- _Required work_
Give back the exact lines of the material below from the one containing "12353 US Rt 68" through the one containing "Electric Window Lift", and no pictures.

- _Data for review_
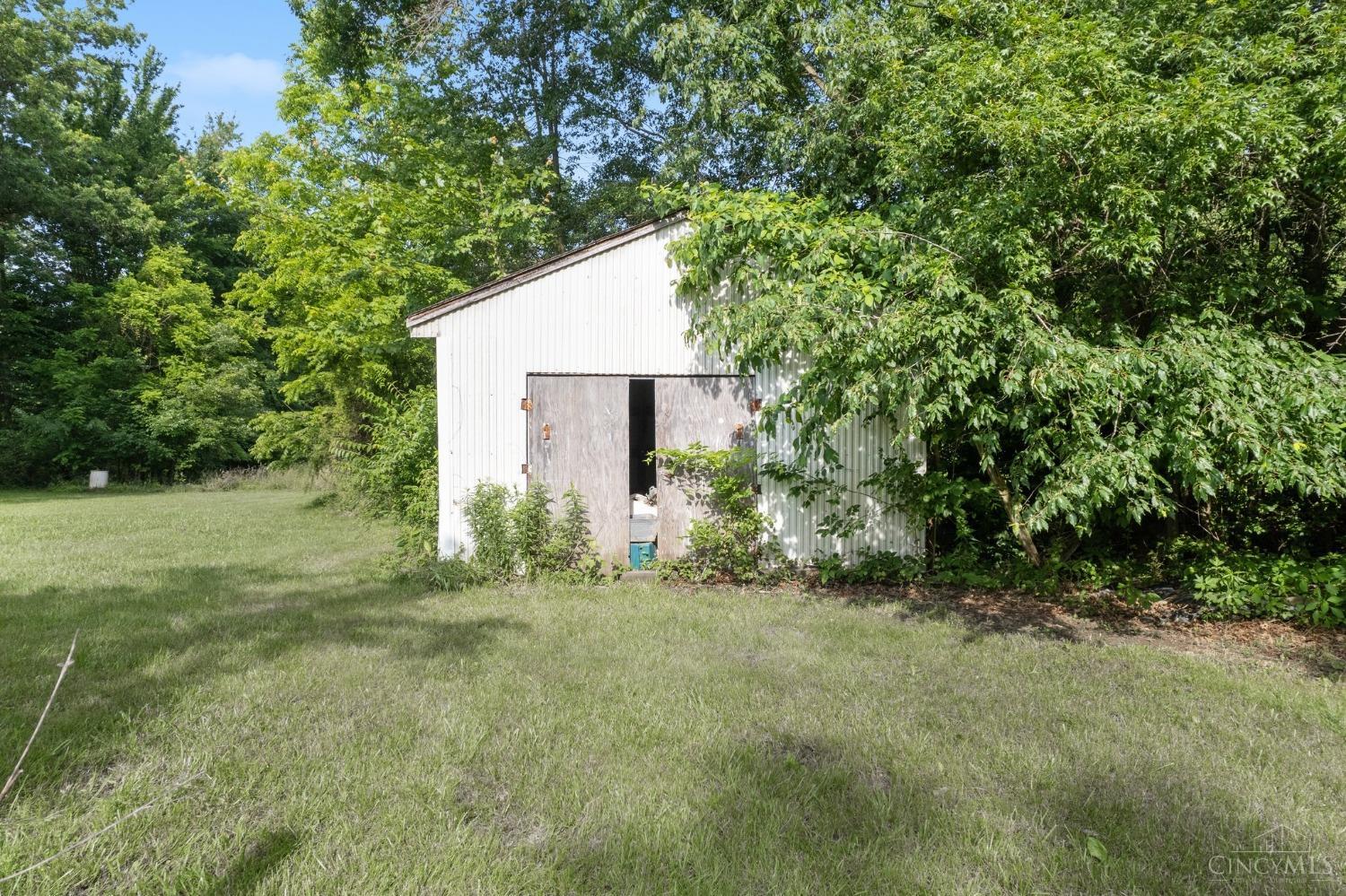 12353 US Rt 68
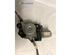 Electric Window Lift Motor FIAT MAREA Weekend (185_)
==
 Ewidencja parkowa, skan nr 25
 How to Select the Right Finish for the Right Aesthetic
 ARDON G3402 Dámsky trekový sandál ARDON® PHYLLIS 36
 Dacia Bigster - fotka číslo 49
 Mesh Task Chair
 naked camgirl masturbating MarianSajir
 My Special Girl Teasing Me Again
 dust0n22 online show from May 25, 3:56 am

- _Solution for this task_
 12353 US Rt 68
 Electric Window Lift Motor FIAT MAREA Weekend (185_)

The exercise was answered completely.